A deferred continuation can store the previous task:

graph LR subgraph Deferred futures C --> |store|D --> |store|A end

Thus, deferred futures without explicit continuation lists can still have lazy continuations, as the continuation task will store its previous task, forming a chain of tasks in the shared state of these objects. This allows deferred futures to have the member function basic_future::then defined even we no continuation list is available.

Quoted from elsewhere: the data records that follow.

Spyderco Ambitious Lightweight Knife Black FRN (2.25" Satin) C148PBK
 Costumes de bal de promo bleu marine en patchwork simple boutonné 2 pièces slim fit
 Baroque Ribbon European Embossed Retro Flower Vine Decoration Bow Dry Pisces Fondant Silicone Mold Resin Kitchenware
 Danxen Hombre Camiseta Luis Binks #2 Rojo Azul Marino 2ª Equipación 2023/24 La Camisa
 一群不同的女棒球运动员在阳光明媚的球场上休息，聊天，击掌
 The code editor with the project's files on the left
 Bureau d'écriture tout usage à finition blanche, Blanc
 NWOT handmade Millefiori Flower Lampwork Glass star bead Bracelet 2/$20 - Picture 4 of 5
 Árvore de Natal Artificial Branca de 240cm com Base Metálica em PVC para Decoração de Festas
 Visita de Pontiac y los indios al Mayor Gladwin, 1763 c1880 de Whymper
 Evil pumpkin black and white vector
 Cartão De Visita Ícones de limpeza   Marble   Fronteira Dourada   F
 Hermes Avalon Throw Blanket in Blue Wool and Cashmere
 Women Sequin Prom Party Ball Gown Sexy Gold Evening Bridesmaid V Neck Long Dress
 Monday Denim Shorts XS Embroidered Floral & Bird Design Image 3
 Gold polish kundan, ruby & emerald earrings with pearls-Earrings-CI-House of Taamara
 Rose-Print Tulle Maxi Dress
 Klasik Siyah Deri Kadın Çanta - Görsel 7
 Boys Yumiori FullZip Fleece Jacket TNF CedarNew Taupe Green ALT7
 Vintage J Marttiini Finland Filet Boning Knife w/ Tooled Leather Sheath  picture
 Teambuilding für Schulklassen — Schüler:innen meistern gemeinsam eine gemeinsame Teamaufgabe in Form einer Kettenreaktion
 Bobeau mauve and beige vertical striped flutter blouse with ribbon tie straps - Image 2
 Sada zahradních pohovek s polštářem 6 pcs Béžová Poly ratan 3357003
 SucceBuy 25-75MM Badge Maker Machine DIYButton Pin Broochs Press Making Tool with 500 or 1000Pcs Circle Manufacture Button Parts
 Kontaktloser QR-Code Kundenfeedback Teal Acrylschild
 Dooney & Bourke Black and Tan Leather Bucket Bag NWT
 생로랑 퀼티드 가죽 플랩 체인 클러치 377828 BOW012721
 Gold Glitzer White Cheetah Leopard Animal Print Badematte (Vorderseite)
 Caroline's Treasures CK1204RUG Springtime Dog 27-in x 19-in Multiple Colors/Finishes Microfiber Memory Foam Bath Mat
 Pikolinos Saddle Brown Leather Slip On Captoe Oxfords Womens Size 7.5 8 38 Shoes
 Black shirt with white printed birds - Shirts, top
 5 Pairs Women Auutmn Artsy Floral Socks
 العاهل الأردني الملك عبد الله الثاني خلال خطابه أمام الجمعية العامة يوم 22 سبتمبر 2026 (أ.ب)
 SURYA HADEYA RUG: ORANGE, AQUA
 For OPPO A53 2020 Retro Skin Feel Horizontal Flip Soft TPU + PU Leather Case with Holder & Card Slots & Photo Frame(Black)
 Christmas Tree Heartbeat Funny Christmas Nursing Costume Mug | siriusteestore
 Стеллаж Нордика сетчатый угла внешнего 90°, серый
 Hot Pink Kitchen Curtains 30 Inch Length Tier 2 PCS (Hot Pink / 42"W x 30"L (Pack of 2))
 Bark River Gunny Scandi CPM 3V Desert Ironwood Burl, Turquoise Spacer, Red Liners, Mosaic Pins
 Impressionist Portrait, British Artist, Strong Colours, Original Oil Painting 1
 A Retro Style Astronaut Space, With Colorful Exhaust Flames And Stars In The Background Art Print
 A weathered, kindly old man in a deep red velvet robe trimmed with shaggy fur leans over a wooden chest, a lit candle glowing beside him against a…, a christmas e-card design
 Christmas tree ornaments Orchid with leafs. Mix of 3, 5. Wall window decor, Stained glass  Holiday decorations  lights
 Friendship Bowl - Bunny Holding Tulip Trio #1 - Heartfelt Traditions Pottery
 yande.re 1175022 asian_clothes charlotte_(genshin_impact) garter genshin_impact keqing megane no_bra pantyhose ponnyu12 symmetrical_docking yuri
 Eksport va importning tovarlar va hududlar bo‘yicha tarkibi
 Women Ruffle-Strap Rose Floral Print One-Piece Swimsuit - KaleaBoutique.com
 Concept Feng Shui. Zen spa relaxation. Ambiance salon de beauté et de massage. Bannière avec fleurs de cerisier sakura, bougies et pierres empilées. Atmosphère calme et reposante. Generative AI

In fact, this is safer than continuation lists for deferred futures. Let A and B be deferred tasks. Because they are not eager, task A will not be launched before task B and then post task B to the executor. When we wait for task B, it will be launched, which would take room in the executor. Task B, already running, will need to wait for task A. At the point, however, the executor might not have the enough capacity for launching task A because B is already running and polling A:

sequenceDiagram Main ->> A: Create Main ->> B: Create A ->> B: Store as continuation Main ->> B: Wait B ->> B: Post task B ->> A: Wait (using executor) A ->> A: Do work (might fail) A ->> B: Return B ->> B: Do work

The library solves this problem by checking for previous continuations of A before starting B. But deferred continuations can solve the problem natively:

sequenceDiagram Main ->> A: Create Main ->> B: Create B ->> A: Stores inline Main ->> B: Wait B ->> A: Wait inline A ->> A: Do work (executor is free) A ->> B: Return B ->> B: Post task B ->> B: Do work

For this reason, by default, then attaches the previous future to its deferred continuation instead of attaching the continuation to the antecedent future.

Lazy future continuations in C++

Lazy futures with lazy continuation chaining store the continuation in the shared state of the first task before the task is scheduled.

• The continuation is attached before the first task starts to execute
• The continuation is scheduled as soon as, but not before, the first task is ready

As usual, all futures are programmed to run its internal continuations when they finish their main task. This also avoids blocking waits and wasting threads pooling for the results of the antecedent task. In this scenario, attaching a continuation has no synchronization cost.

Continuations

auto A = std::experimental::async([]() { return 2; });
auto B = A.then([](int A_result) {
    // This task is not scheduled until A completes
    std::cout << A_result << std::endl;
});
B.wait();

Exceptions and continuations in C++

If the antecedent future throws an exception, attempting to retrieve the result usually rethrows the error. Some models besides C++ Extensions for Concurrency, such as Continuable, allow the continuation to also catch this error:

Catching errors

async([]{ /* operation that might throw an error */ })
  .then([] {
    throw std::exception("Some error");
  })
  .fail([] (std::exception_ptr ptr) {
      try {
        std::rethrow_exception(ptr);
      } catch(std::exception const& e) {
        // Handle the exception or error code here
      }
  });

Continuations and Executors in C++

By default, the first task usually includes an executor handle and the continuation inherits it unless some other executor is requested for the continuation. Futures with continuations can also be used as components of resumable functions.